Erste Zeichnung aus Kyiv –  ein Straßencafé in einem kleinen Park neben dem „Goldenen Tor von Kyiv“. Das Tor wurde vor ca. 1000 Jahren gebaut, danach von Mongolen zerstört, stand bis zu den 80-ern als Ruine mitten in der Stadt, und letztendlich wurde zum 1500-jährigen Jubiläum von Kyiv wieder aufgebaut. Auf mich wirkt das neue Gebäude immer noch als etwas künstliches – zum zeichnen fand ich den Kaffee-Verkäufer viel interessanter.


Noch ein Café, diesmal in Gestalt eines alten Straßenbahn-Wagens. Keine Ahnung, warum der hier steht – soviel ich weiß, an dieser Stelle gab es nie eine Straßenbahn. Im Hintergrund sieht man Silhouette vom Denkmal des berühmten ukrainischen Dichters Taras Schevchenko – seine Gedichte lese ich immer noch gerne, vor allem um die ukrainische Sprache nicht zu vergessen. Es war übrigens verdammt kalt an dem Morgen in Kyiv, und die netten Jungs aus dem Café-Wagen haben mir eine Tasse Tee spendiert – dafür bin ihnen endlos dankbar.

Kyiv ist eine sehr hügelige Stadt – vor allem am rechten Ufer von Dnipro – dem Fluss, an dem die Stadt steht. Deswegen gibt es in Kyiv unzählige Orte, an denen man wunderschöne Aussichten genießen kann. Hier ist eins davon - die Pejsazna Aleja, übersetzt etwa wie „Landschaftsgasse“, oder simpler – eine Straße mit toller Aussicht. Und wie überall auf der Welt, hier gibt es Menschen, die viel lieber auf ihre Handys starren, auch an solch schönen Orten.

Andere Orte sind vielleicht weniger schön. Hier zum Beispiel sind wir am Krestschatik – einer achtspurigen Straße mitten in der Stadt – es ist sehr laut und bisschen stickig. Links von uns liegt der bekannte Maidan Nesaleznosti (Platz der Unabhängigkeit). Genau an dieser Stelle brannten im Jahr 2014 Reifen und starben Menschen. 4 Jahre später sind fast alle Spuren der traurigen Ereignissen beseitigt; es wurden Mahnmale und Infotafel aufgestellt, der Krieg findet aber woanders immer noch statt.
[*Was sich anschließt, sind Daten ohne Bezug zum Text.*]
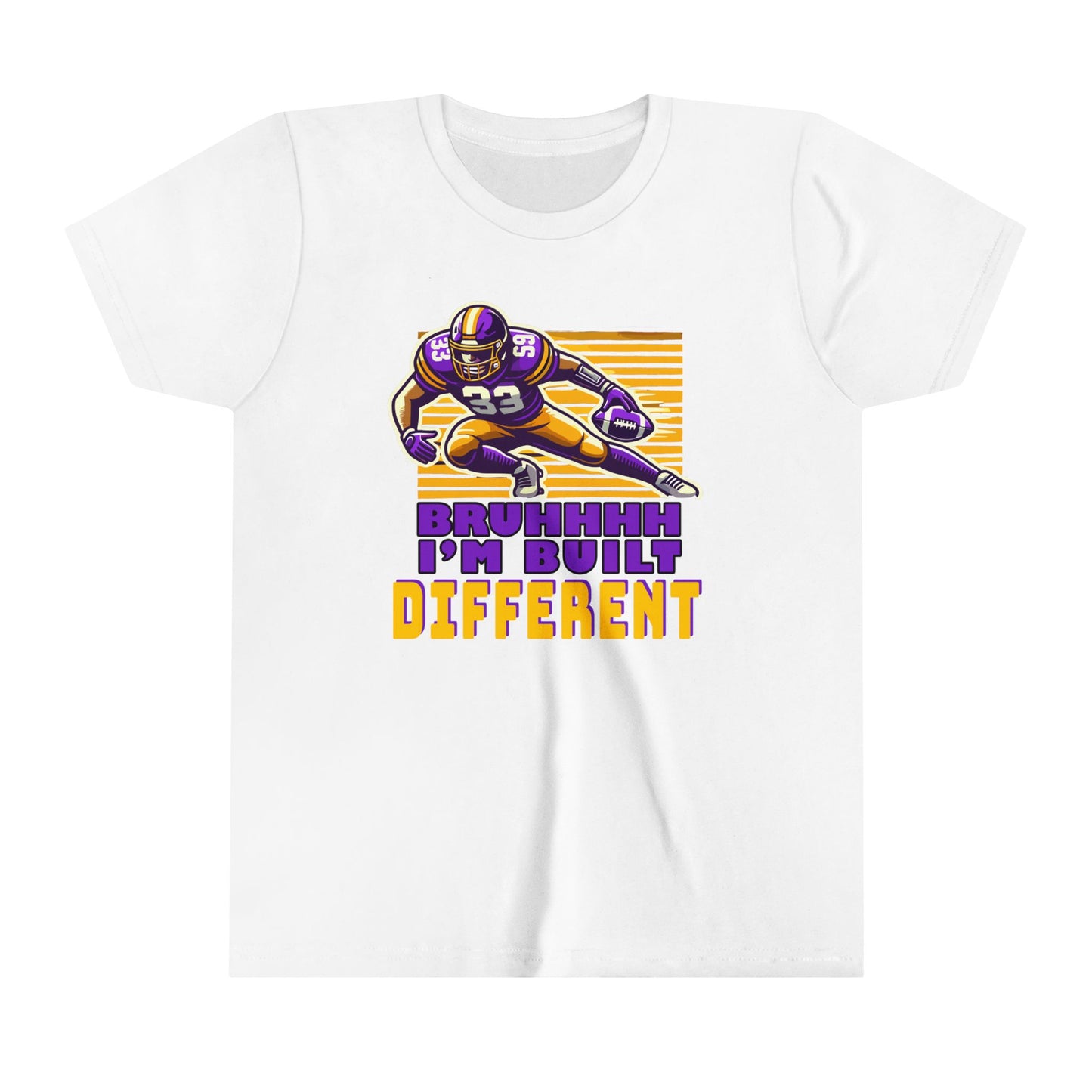 Football - Youth T-Shirt - Bruhhh I'm Built Different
Eine Straßenverkäuferin. Am Straßenrand wird es oft und viel verkauft; an jeder Ecke trifft man Menschen, die etwas anbieten – Souvenirs, Kosmetik, Kleidung… Ich fragte mich nur manchmal – kann man davon wirklich leben?

Eine Straße, an der ich als Kind ziemlich viel Zeit verbracht habe. Früher hieß sie Juri Chkalov Straße, heute – Oles Honchar Straße. Solche Umbenennungen der Straßen sind typisch für Kyiv – es liegt daran, dass extrem viele davon nach irgendwelchen kommunistischen Helden benannt wurden, und heutzutage klingen diese Namen in manchen Ohren nicht mehr so cool wie früher. Heute versucht man entweder die alten Straßennamen wiederherzustellen, oder die Straßen nach neuen Helden zu benennen. Mal sehen, ob man bald wieder etwas umbenennen muss.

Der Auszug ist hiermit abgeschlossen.